● Data to use
Content starts

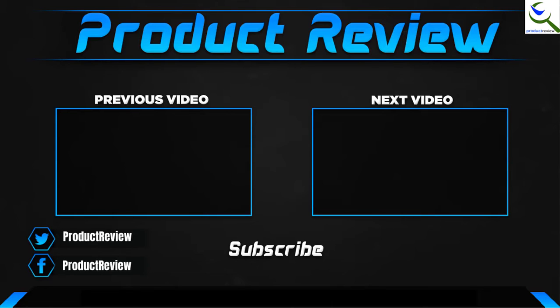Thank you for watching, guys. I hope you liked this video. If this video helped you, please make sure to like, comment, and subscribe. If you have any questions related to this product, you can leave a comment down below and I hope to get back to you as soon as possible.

Content ends
Content starts

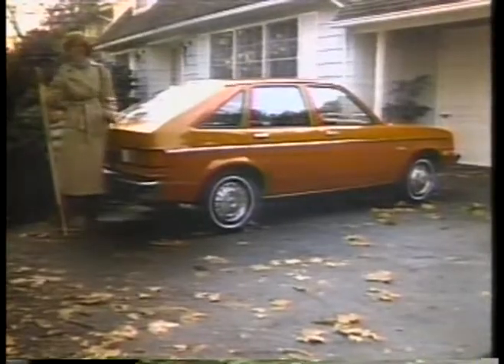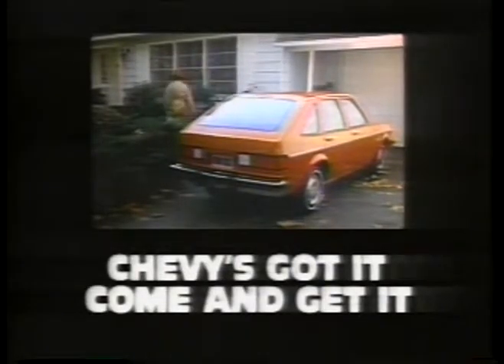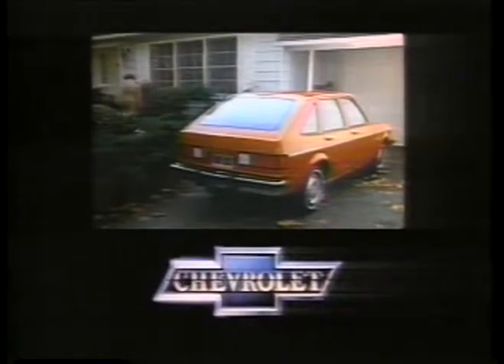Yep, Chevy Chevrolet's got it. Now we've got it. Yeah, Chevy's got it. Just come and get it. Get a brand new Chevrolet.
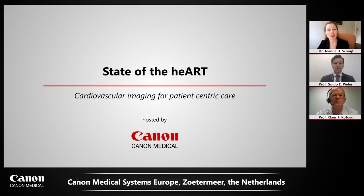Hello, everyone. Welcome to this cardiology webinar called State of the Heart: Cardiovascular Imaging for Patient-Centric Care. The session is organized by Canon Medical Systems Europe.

Content ends
Content starts

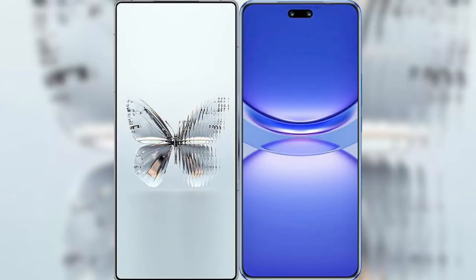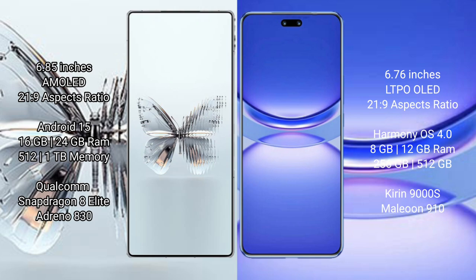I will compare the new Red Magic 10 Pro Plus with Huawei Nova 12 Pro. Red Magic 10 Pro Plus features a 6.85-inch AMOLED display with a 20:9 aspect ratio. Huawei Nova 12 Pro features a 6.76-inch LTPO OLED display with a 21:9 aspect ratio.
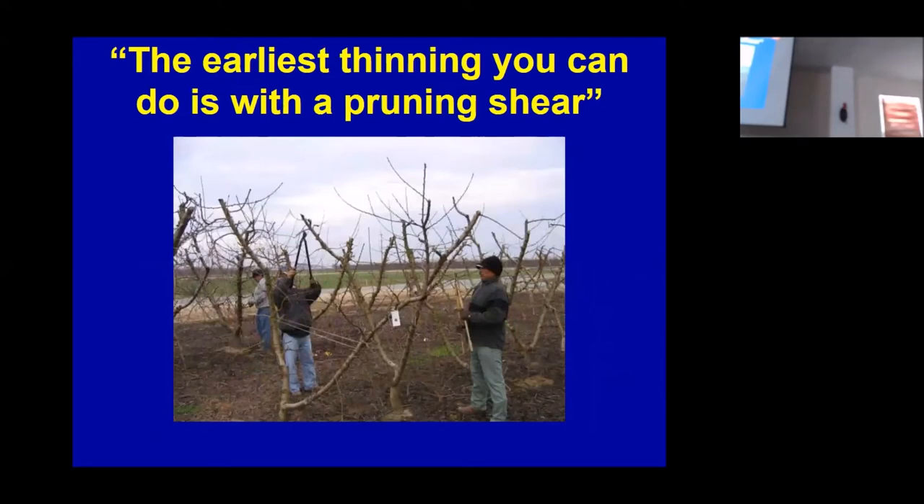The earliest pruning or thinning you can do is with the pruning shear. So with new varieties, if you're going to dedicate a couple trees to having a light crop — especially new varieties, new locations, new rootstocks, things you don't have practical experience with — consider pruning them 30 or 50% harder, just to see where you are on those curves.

Content ends

● Work item
In the records above, everything from the line with "Yep, Chevy Chevrolet's" down to the line with "Hello, everyone. Welcome" is to be set down exactly, both ends included, with no pictures and no other lines.

● Solution for this task
Yep, Chevy Chevrolet's got it. Now we've got it. Yeah, Chevy's got it. Just come and get it. Get a brand new Chevrolet.
Hello, everyone. Welcome to this cardiology webinar called State of the Heart: Cardiovascular Imaging for Patient-Centric Care. The session is organized by Canon Medical Systems Europe.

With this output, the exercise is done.